--- Assignment ---
Word for word, please restate the lines from the beginning of the data through the line in which "Vente ferme 7" appears.

--- Collected data ---
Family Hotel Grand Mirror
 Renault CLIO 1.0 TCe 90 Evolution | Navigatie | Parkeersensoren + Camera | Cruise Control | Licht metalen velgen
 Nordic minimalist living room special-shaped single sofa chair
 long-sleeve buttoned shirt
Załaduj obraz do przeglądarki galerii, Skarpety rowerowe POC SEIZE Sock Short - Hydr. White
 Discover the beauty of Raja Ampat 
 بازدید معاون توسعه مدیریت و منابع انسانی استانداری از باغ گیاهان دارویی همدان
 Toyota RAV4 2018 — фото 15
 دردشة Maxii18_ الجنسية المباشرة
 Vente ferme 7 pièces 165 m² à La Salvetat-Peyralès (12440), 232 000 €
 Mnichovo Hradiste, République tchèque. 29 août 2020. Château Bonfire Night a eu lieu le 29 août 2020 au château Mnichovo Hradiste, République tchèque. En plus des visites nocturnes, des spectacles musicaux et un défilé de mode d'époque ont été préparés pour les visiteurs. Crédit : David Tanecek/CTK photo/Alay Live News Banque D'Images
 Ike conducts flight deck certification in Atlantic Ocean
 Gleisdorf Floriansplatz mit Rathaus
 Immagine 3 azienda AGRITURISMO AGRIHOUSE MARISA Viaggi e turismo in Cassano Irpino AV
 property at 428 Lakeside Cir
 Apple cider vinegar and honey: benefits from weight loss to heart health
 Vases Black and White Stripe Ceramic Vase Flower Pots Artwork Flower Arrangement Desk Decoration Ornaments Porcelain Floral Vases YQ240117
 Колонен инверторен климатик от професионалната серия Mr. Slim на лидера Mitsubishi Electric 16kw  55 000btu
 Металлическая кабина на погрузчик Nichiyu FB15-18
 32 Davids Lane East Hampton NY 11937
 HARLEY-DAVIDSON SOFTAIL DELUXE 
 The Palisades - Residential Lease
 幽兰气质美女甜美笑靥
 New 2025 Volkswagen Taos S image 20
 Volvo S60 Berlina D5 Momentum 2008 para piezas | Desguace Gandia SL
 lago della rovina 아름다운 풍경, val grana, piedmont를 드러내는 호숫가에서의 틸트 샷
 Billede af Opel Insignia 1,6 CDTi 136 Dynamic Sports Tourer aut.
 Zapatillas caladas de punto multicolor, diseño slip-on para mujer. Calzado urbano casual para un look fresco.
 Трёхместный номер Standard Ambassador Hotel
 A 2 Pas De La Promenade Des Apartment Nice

--- Solution to this task ---
Family Hotel Grand Mirror
 Renault CLIO 1.0 TCe 90 Evolution | Navigatie | Parkeersensoren + Camera | Cruise Control | Licht metalen velgen
 Nordic minimalist living room special-shaped single sofa chair
 long-sleeve buttoned shirt
Załaduj obraz do przeglądarki galerii, Skarpety rowerowe POC SEIZE Sock Short - Hydr. White
 Discover the beauty of Raja Ampat 
 بازدید معاون توسعه مدیریت و منابع انسانی استانداری از باغ گیاهان دارویی همدان
 Toyota RAV4 2018 — фото 15
 دردشة Maxii18_ الجنسية المباشرة
 Vente ferme 7 pièces 165 m² à La Salvetat-Peyralès (12440), 232 000 €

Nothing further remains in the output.